Political activities investigations
The Public Service Employment Act (PSEA) recognizes the right of employees to engage in political activities while maintaining the principle of political impartiality in the public service. Employees may engage in any political activities so long as it does not impair, or is not perceived as impairing, the employee's ability to perform his or her duties in a politically impartial manner.
For more information on political activities, including the definition of a political activity, please visit the Public Service Commission's (PSC) political activities Web site.
Investigations of improper political activities
If the investigation establishes that there was an improper political activity, the PSC can order any corrective action that it considers appropriate.
The PSC can conduct investigations related to:
- Candidacy in a federal, provincial, territorial, or municipal election;
- Political activities in support of, within or in opposition to a political party;
- Political activities in support of or in opposition to a candidate before or during an election period; or
- A deputy head who engaged in any political activity other than voting in an election.

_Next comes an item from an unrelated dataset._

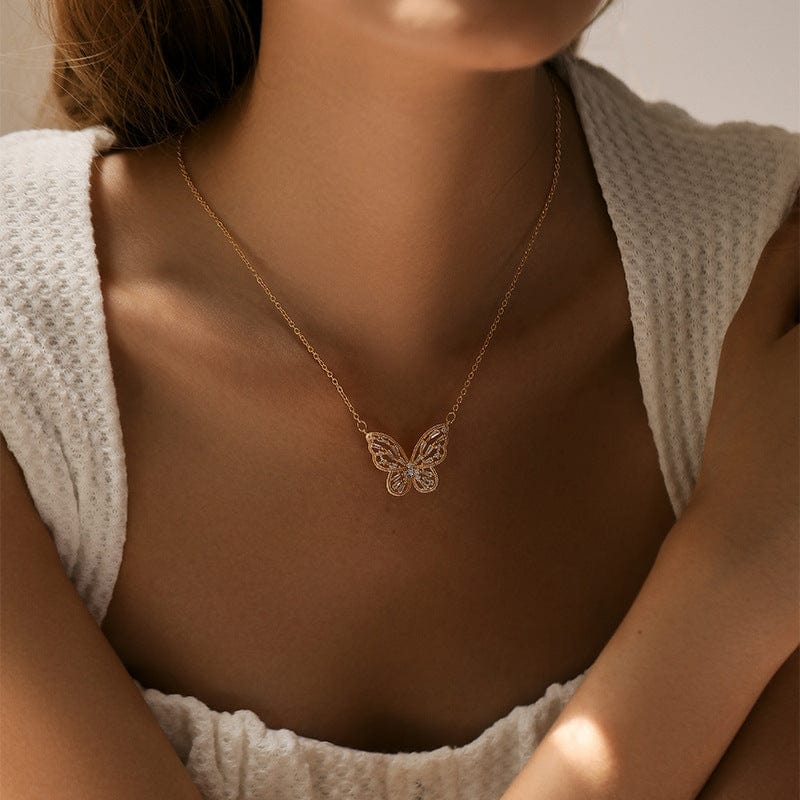 Collier charmant avec papillon creux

Anyone can make an allegation of improper political activity against an employee; however, only a person who is or has been a candidate in an election can submit an allegation regarding improper political activity of a deputy head.
In order to determine if a political activity impairs or is perceived as impairing an employee's ability to perform their duties in a politically impartial manner, the PSC will look at several factors, namely:
- The nature of the person's duties;
- The level and visibility of their position and duties; and
- The nature of the political activity.